# [EXERCISE GOAL]
Word for word, output the data, with none of its pictures.

# [DATA]
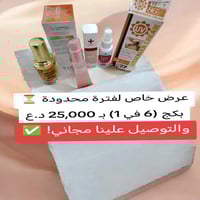 باكيج تجميل • توصيل مجاني الموصل • كمية محدودة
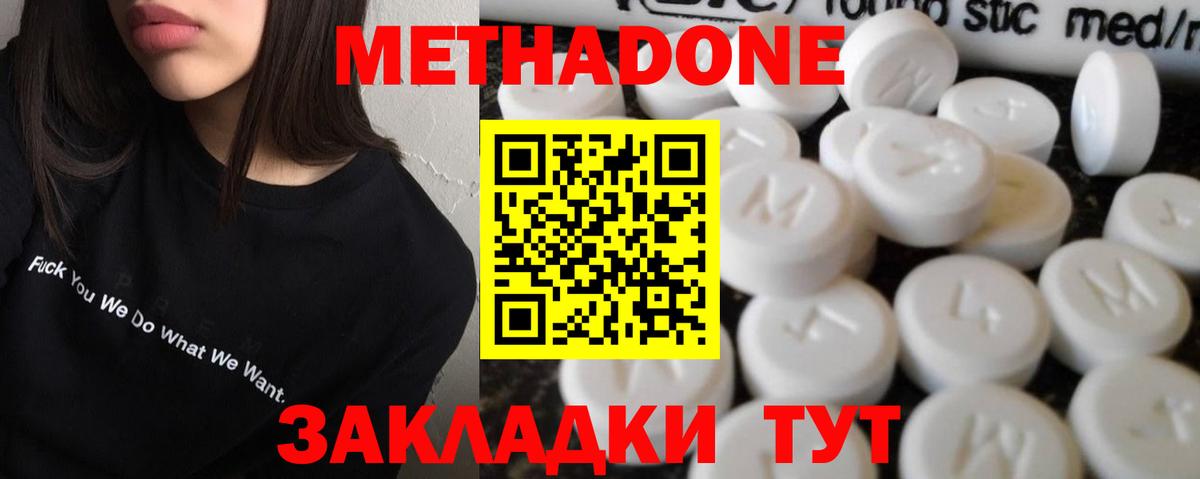 Фролово  МЕТАДОН белоснежный  Вход с VPN 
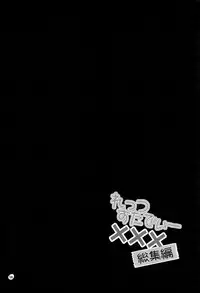 (C88) [Nuno no Ie (Moonlight)] Let's Study xxx Soushuuhen (Love Live!)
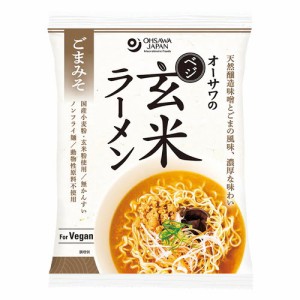 オーサワのベジ玄米ラーメン（ごまみそ） 119g（うち麺80g） 【オーサワジャパン】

# [REPLY]
 باكيج تجميل • توصيل مجاني الموصل • كمية محدودة
 Фролово  МЕТАДОН белоснежный  Вход с VPN 
 (C88) [Nuno no Ie (Moonlight)] Let's Study xxx Soushuuhen (Love Live!)
 オーサワのベジ玄米ラーメン（ごまみそ） 119g（うち麺80g） 【オーサワジャパン】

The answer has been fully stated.